*DESCRIPTION OF THE TASK:*
Examine each line of the data, and copy the ones containing "Image".

Stored data entries:

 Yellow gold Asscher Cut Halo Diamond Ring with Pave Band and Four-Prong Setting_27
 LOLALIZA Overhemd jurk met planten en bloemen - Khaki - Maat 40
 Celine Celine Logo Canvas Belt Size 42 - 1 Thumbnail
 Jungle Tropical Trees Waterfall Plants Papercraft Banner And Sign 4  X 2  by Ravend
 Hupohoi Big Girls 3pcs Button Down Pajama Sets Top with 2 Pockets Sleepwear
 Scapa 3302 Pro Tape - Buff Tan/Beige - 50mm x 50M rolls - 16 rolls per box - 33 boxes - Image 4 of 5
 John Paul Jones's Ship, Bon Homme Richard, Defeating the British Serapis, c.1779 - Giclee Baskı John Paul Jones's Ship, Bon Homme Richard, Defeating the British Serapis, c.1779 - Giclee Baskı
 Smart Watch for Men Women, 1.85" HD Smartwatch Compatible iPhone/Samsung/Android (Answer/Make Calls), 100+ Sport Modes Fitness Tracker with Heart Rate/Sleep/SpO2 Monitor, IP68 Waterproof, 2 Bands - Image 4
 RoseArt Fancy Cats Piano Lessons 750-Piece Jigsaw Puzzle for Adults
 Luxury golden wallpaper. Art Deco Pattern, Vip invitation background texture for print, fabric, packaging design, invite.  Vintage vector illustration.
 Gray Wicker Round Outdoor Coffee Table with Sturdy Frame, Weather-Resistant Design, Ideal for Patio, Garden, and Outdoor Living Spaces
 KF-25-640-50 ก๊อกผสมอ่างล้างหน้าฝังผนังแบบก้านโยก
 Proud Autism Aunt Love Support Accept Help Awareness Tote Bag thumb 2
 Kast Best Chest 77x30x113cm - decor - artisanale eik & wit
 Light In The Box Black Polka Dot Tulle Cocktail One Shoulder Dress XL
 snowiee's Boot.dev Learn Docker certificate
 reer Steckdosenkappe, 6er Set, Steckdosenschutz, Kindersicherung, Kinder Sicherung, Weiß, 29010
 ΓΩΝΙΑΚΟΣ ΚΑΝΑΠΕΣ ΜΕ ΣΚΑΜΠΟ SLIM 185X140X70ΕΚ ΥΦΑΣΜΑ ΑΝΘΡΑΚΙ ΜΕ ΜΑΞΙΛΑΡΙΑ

*ANSWER TO THE EXERCISE:*
 Scapa 3302 Pro Tape - Buff Tan/Beige - 50mm x 50M rolls - 16 rolls per box - 33 boxes - Image 4 of 5
 Smart Watch for Men Women, 1.85" HD Smartwatch Compatible iPhone/Samsung/Android (Answer/Make Calls), 100+ Sport Modes Fitness Tracker with Heart Rate/Sleep/SpO2 Monitor, IP68 Waterproof, 2 Bands - Image 4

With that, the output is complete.